In the following example, declare reduction directives are used to define min and max operations for the point data structure for computing the rectangle that encloses a set of 2-D points.
Each declare reduction directive defines new reduction identifiers, min and max , to be used in a reduction clause. The next item in the declaration list is the data type ( struct point ) used in the reduction, followed by the combiner, here the functions minproc and maxproc perform the min and max operations, respectively, on the user data (of type struct point ). In the function argument list are two special OpenMP variable identifiers, omp_in and omp_out, that denote the two values to be combined in the “real” function; the omp_out identifier indicates which one is to hold the result.
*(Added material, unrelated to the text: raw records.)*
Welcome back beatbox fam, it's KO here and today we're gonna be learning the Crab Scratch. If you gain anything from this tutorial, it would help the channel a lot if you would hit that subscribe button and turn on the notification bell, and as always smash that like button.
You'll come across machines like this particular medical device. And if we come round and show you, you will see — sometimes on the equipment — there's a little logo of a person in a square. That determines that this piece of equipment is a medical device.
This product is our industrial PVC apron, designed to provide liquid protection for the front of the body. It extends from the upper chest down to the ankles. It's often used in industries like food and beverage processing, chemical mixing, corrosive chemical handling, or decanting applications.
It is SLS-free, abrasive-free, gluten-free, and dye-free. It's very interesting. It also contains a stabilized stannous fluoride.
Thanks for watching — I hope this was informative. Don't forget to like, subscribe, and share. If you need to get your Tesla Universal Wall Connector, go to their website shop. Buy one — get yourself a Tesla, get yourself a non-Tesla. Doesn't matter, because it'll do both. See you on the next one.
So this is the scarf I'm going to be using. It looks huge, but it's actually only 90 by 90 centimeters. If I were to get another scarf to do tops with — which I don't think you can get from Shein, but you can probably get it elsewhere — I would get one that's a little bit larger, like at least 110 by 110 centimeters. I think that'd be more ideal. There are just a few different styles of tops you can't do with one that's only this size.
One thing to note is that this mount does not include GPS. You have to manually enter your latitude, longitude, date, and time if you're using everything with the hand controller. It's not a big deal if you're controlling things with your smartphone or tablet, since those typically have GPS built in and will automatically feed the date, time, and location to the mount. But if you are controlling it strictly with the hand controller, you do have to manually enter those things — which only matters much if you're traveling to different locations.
The initializer of the declare reduction directive specifies the initial value for the private variable of each implicit task. The omp_priv identifier is used to denote the private variable.
//%compiler: clang
//%cflags: -fopenmp
/*
* name: udr.1
* type: C
* version: omp_4.0
*/
#include <stdio.h>
#include <limits.h>
struct point {
int x;
int y;
};
void minproc ( struct point *out, struct point *in )
{
if ( in->x < out->x ) out->x = in->x;
if ( in->y < out->y ) out->y = in->y;
}
void maxproc ( struct point *out, struct point *in )
{
if ( in->x > out->x ) out->x = in->x;
if ( in->y > out->y ) out->y = in->y;
}
#pragma omp declare reduction(min : struct point : \
minproc(&omp_out, &omp_in)) \
initializer( omp_priv = { INT_MAX, INT_MAX } )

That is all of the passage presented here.